▸ What is being asked
Each line from the beginning of the data below through the line containing "Courier Express. 20" should be repeated exactly, please.
#### Extracted information ####
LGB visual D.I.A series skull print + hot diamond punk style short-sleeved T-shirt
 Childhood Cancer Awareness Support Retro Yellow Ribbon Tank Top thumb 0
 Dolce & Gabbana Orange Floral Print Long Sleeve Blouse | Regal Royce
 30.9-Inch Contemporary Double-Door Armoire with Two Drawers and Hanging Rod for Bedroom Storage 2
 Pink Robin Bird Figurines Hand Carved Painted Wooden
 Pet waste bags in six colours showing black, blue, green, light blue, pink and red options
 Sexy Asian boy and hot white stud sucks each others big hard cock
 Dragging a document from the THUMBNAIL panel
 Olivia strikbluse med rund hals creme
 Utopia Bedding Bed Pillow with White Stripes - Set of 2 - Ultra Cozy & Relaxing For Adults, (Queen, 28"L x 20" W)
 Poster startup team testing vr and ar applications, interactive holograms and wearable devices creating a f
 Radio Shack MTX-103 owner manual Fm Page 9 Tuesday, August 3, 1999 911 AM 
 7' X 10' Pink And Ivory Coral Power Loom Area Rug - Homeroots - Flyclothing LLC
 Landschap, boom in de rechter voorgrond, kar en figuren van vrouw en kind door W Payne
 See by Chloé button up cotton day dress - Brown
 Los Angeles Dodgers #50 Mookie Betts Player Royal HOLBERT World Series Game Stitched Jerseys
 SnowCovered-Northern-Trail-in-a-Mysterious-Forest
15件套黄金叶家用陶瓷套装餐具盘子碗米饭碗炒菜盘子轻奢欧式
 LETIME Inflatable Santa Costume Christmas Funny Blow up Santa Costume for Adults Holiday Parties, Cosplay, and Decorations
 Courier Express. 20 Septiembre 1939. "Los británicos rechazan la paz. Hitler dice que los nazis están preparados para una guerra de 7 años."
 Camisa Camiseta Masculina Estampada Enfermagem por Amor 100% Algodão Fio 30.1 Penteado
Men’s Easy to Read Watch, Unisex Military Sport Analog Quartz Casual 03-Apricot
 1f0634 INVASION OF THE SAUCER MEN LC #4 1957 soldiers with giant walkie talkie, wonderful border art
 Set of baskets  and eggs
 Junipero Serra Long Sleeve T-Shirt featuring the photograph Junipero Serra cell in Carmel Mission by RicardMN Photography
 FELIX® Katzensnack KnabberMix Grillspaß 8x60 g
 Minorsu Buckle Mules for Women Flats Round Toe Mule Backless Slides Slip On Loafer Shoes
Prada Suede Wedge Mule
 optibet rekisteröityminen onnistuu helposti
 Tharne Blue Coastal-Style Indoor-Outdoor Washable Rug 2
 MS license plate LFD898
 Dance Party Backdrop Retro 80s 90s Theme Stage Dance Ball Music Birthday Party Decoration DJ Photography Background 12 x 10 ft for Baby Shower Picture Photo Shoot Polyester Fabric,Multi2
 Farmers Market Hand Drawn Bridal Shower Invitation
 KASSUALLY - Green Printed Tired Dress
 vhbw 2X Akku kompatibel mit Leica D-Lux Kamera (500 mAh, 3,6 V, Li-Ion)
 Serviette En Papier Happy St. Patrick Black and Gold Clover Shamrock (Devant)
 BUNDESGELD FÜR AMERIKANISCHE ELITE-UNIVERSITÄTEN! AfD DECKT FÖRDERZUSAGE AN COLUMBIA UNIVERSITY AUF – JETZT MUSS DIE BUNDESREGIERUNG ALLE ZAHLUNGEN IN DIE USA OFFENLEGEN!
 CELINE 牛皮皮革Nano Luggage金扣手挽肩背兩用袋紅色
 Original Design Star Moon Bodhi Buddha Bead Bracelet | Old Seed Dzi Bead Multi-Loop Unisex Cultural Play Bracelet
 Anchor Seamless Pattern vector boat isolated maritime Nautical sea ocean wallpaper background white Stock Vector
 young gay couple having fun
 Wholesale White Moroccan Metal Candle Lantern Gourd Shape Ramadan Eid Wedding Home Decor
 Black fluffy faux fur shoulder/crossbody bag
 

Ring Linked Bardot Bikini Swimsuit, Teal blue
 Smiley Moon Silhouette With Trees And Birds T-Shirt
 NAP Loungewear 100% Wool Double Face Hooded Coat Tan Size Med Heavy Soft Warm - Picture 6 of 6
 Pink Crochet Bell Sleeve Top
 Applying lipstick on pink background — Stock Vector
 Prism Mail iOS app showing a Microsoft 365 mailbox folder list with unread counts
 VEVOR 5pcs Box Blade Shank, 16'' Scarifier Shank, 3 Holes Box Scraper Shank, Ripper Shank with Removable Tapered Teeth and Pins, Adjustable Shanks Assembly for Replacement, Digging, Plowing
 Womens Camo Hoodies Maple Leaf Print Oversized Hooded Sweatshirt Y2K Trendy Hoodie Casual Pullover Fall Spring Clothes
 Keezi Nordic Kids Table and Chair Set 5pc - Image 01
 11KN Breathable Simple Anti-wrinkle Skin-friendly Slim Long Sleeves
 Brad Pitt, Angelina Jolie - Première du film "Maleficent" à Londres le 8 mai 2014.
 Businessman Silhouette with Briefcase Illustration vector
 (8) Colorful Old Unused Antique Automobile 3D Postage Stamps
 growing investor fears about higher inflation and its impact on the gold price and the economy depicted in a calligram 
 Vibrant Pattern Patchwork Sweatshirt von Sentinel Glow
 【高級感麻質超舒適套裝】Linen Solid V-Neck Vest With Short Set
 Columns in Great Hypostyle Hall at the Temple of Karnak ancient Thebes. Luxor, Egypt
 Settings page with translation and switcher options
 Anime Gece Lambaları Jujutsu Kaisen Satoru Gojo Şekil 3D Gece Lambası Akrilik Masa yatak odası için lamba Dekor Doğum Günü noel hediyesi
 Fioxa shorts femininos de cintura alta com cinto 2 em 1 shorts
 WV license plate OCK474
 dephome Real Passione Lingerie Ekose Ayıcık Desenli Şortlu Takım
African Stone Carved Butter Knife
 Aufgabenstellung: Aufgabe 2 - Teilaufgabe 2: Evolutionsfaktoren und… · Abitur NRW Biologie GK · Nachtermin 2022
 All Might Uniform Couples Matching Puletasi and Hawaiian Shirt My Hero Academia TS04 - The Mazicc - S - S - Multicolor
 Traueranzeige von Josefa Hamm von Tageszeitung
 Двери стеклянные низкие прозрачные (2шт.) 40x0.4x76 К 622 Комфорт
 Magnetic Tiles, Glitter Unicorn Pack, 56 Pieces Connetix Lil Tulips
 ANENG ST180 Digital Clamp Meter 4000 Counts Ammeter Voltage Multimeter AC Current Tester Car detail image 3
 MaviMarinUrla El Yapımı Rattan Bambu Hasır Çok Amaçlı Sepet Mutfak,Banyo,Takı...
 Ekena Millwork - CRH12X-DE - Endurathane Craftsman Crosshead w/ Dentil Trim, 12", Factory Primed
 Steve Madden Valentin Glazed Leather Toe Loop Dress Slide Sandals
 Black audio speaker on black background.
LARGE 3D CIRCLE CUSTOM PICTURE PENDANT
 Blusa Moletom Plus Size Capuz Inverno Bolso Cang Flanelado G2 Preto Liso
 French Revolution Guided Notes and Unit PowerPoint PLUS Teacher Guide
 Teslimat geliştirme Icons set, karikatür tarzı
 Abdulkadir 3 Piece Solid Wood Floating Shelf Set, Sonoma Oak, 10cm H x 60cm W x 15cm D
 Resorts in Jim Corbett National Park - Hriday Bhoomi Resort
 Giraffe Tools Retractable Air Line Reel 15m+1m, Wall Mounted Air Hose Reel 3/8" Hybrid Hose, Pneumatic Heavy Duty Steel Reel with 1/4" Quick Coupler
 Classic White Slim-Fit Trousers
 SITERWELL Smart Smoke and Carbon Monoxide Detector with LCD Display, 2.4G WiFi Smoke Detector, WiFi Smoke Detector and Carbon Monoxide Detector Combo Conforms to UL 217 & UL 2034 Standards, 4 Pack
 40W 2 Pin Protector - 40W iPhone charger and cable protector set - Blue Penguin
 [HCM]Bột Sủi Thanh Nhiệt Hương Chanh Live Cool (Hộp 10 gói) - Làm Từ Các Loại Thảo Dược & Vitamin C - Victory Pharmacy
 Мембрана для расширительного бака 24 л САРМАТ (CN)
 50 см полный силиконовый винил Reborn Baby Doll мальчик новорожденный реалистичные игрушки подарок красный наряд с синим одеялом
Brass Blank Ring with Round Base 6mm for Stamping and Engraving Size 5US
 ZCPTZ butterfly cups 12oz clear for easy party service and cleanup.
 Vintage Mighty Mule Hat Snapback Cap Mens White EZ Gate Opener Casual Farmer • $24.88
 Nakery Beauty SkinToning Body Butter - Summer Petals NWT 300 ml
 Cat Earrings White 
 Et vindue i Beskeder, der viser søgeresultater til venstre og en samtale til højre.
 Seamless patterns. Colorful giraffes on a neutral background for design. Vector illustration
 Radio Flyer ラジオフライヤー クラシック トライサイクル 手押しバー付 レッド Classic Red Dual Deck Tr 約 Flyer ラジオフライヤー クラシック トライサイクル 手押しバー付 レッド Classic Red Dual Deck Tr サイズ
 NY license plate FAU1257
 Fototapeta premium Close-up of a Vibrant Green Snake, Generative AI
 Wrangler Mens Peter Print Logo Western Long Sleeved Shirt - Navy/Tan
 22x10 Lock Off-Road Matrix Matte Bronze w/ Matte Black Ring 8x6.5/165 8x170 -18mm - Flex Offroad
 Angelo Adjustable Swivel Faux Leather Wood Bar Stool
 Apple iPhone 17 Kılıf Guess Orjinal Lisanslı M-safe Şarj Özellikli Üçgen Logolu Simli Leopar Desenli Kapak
####
▸ Your response
LGB visual D.I.A series skull print + hot diamond punk style short-sleeved T-shirt
 Childhood Cancer Awareness Support Retro Yellow Ribbon Tank Top thumb 0
 Dolce & Gabbana Orange Floral Print Long Sleeve Blouse | Regal Royce
 30.9-Inch Contemporary Double-Door Armoire with Two Drawers and Hanging Rod for Bedroom Storage 2
 Pink Robin Bird Figurines Hand Carved Painted Wooden
 Pet waste bags in six colours showing black, blue, green, light blue, pink and red options
 Sexy Asian boy and hot white stud sucks each others big hard cock
 Dragging a document from the THUMBNAIL panel
 Olivia strikbluse med rund hals creme
 Utopia Bedding Bed Pillow with White Stripes - Set of 2 - Ultra Cozy & Relaxing For Adults, (Queen, 28"L x 20" W)
 Poster startup team testing vr and ar applications, interactive holograms and wearable devices creating a f
 Radio Shack MTX-103 owner manual Fm Page 9 Tuesday, August 3, 1999 911 AM 
 7' X 10' Pink And Ivory Coral Power Loom Area Rug - Homeroots - Flyclothing LLC
 Landschap, boom in de rechter voorgrond, kar en figuren van vrouw en kind door W Payne
 See by Chloé button up cotton day dress - Brown
 Los Angeles Dodgers #50 Mookie Betts Player Royal HOLBERT World Series Game Stitched Jerseys
 SnowCovered-Northern-Trail-in-a-Mysterious-Forest
15件套黄金叶家用陶瓷套装餐具盘子碗米饭碗炒菜盘子轻奢欧式
 LETIME Inflatable Santa Costume Christmas Funny Blow up Santa Costume for Adults Holiday Parties, Cosplay, and Decorations
 Courier Express. 20 Septiembre 1939. "Los británicos rechazan la paz. Hitler dice que los nazis están preparados para una guerra de 7 años."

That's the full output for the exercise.